WD 20 EARS DOA


Recommended Posts

Hi,

 

Just wanted to know how many of the WD 20 EARS usualy are DOA (Dead On Arrival) and have to be RMAd.

 

I've ordered a batch of 10 discs and two of them are dead. One isn't making it over the controller initialisation, the other shows no reaction on preclear (or, better said: preclear says: try to powercycle, which didn't help anyway...)

 

So it is 1 out of 5 for me  :o - 2 are precleared without any errors, 6 are currently cleared without any problems so far.

 

Is 1 out of 5 OK? Did you experience the same numbers?

 

Plz tell me, I'm curious ....

Link to comment

Did you just buy them recently? If you check out newegg, you see that a lot of people in the last month or so complained about DOA disks, but before that it was pretty good reviews. I think maybe WD did a really big bad batch of drives.
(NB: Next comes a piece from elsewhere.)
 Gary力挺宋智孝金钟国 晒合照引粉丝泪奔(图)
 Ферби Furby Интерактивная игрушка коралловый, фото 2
I'm in the middle of a preclear of 3 of those drives- they all seem to respond, but I am doing heavy clearing/testing to ensure there's no issues down the road.

Link to comment

In my experience it's very common to have a high fall-out rate, which I why I hate providing hard drives for purchase - it's just a big hassle - we only do it as a service to help server customers.  Last hard drive purchase was for 17 WD EADS drives - 2 of them were DOA.  Right now, looks like WD has quality issues; in past it's been Samsung, before that, Seagate.  Looking how HD's are packaged, I'd also guess a large percentage of drive problems arise from rough handling during shipment.

Link to comment

Hi,

 

well, I think I have two other "problem childs" (thank you AC/DC) ...

 

Looking at the serial numbers, I found out that:

 

All working discs start with "WMAZA32...."

 

Some drives report a longer serial which include "MVWB0", those are working.

 

All drives with "WCASA" failed during preclear, my syslog went up to 2GB ...

 

The two DOA drives had also a "WMAZA1..." serial. They did not work at all.

 

Seems that the faulty drives can be determined by serial numbers.

 

I'm gona test the two "WCASA" drives with WinXP, the DOAs don't work at all.

 

BTW: The two dd tasks on sdg and sdf (the two "WCASA" drives) are still running, but not responding. Can I kill them and restart preclear? Which tasks should I kill?

 

I'm a little fed up, 4 out of 10 is a PITA  >:(

serials_WD20EARS.jpg.5241a8999b1d86aea38551e14798dbc8.jpg

Link to comment

My last order of Seagate HDDs I had 1 of 2 fail on me right off the bat. After a single preclear pass the drive wouldn't even pass a SMART short test. It would fail during read. Looking at the way the drives were packaged, it's a surprise they both weren't dead. They were in their anti-static bags, then wrapped in a giant ball of bubble wrap and placed loosely inside a larger box for shipping.

 

The way Seagate shipped the replacement drive is how all drives should be shipped. It was wrapped in it's anti-static bag, then placed in the middle of two large foam pieces that were firmly set inside a box. There is no chance for movement inside that package.

 

The 8 separate orders of HDDs before that I had no issues with the WD or Seagate drives. All passed preclear cycles without issue.

Link to comment

Hi,

 

well, I think I have two other "problem childs" (thank you AC/DC) ...

 

Looking at the serial numbers, I found out that:

 

The two DOA drives had also a "WMAZA1..." serial. They did not work at all.

 

I recently (boxing day sale) bought a drive with serial: WMAZA1 543717, this worked but the preclear was taking over twice as long as normal, so I took it back and got a replacement, which is also a WMAZA1 drive, it precleared normally.  This was the only issue I've had with WD 2TB green drives, so that's 1 bad out of 8 for me.

 

Stephen

 

Link to comment

I just recently got 4 WD 2TB EARS from different vendors:

 

1 from Amazon (late Dec)

2 from NewEgg (one from Nov, the other from late Dec)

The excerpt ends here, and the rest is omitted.